===== MATERIAL FOR THIS TASK =====
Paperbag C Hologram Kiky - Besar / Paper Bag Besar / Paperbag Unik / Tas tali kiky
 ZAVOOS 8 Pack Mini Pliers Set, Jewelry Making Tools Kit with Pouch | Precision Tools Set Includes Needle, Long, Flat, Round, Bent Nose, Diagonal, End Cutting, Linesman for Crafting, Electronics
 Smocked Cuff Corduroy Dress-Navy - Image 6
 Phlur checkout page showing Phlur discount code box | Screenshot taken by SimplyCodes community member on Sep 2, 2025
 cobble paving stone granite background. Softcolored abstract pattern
=====
▶ _TASK PROMPT_: Could you write out, unchanged, the line with "Smocked Cuff Corduroy Dress-Navy - Image 6" and every line after it in the data above?

▶ _RESULT OF THE EXERCISE_:
 Smocked Cuff Corduroy Dress-Navy - Image 6
 Phlur checkout page showing Phlur discount code box | Screenshot taken by SimplyCodes community member on Sep 2, 2025
 cobble paving stone granite background. Softcolored abstract pattern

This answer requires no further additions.